- [WORK TO COMPLETE]:
A verbatim transcription of the listing below is required, without its pictures.

- [DATA PROVIDED]:
-- Opening Marker --
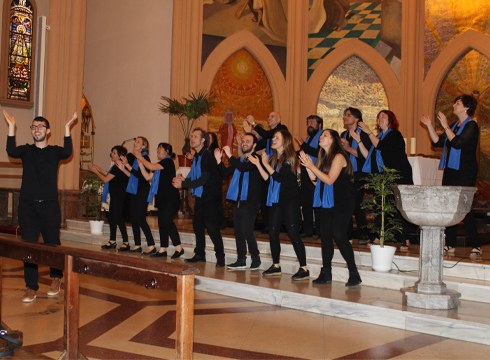 Gospel Bilbao taldeak poztasun eta itxaropen doinuak ekarri ditu Eibarrera San Pedro egunean ()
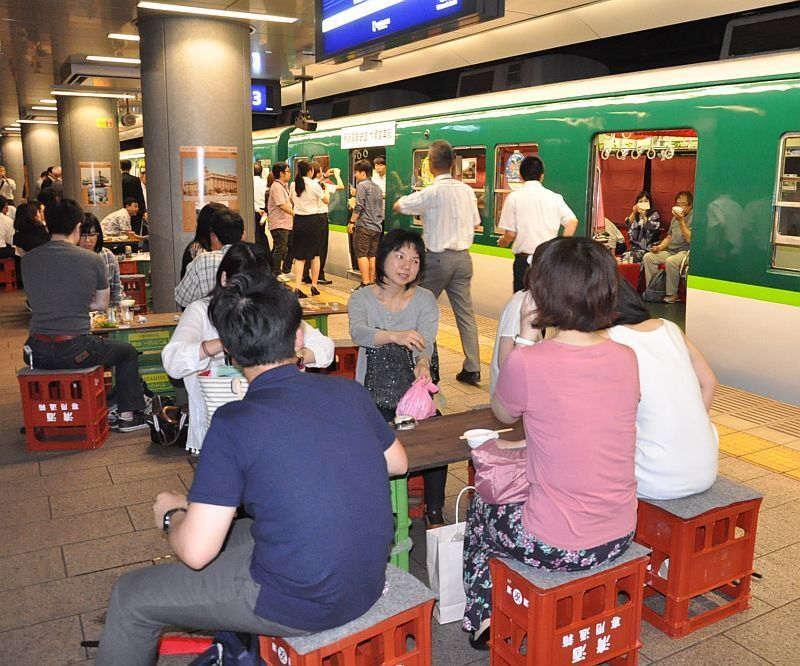 [写真]多くの入場者でにぎわう「中之島ホーム酒場」=大阪市北区の京阪中之島駅で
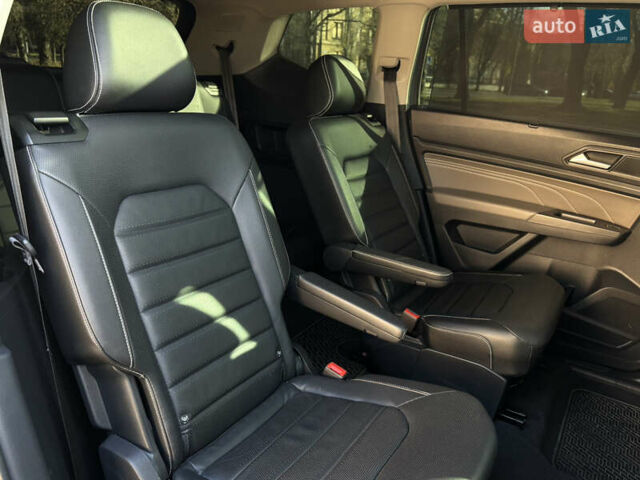 Сірий Фольксваген Atlas, об'ємом двигуна 3.6 л та пробігом 59 тис. км за 32999 $, фото 18 на Automoto.ua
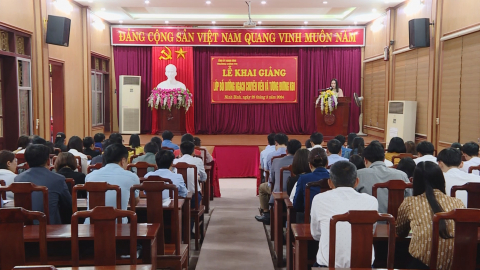 Khai giảng lớp bồi dưỡng ngạch chuy&ecirc;n vi&ecirc;n v&agrave; tương đương K60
-- Closing Marker --
- [SOLVED PROBLEM]:
 Gospel Bilbao taldeak poztasun eta itxaropen doinuak ekarri ditu Eibarrera San Pedro egunean ()
 [写真]多くの入場者でにぎわう「中之島ホーム酒場」=大阪市北区の京阪中之島駅で
 Сірий Фольксваген Atlas, об'ємом двигуна 3.6 л та пробігом 59 тис. км за 32999 $, фото 18 на Automoto.ua
 Khai giảng lớp bồi dưỡng ngạch chuy&ecirc;n vi&ecirc;n v&agrave; tương đương K60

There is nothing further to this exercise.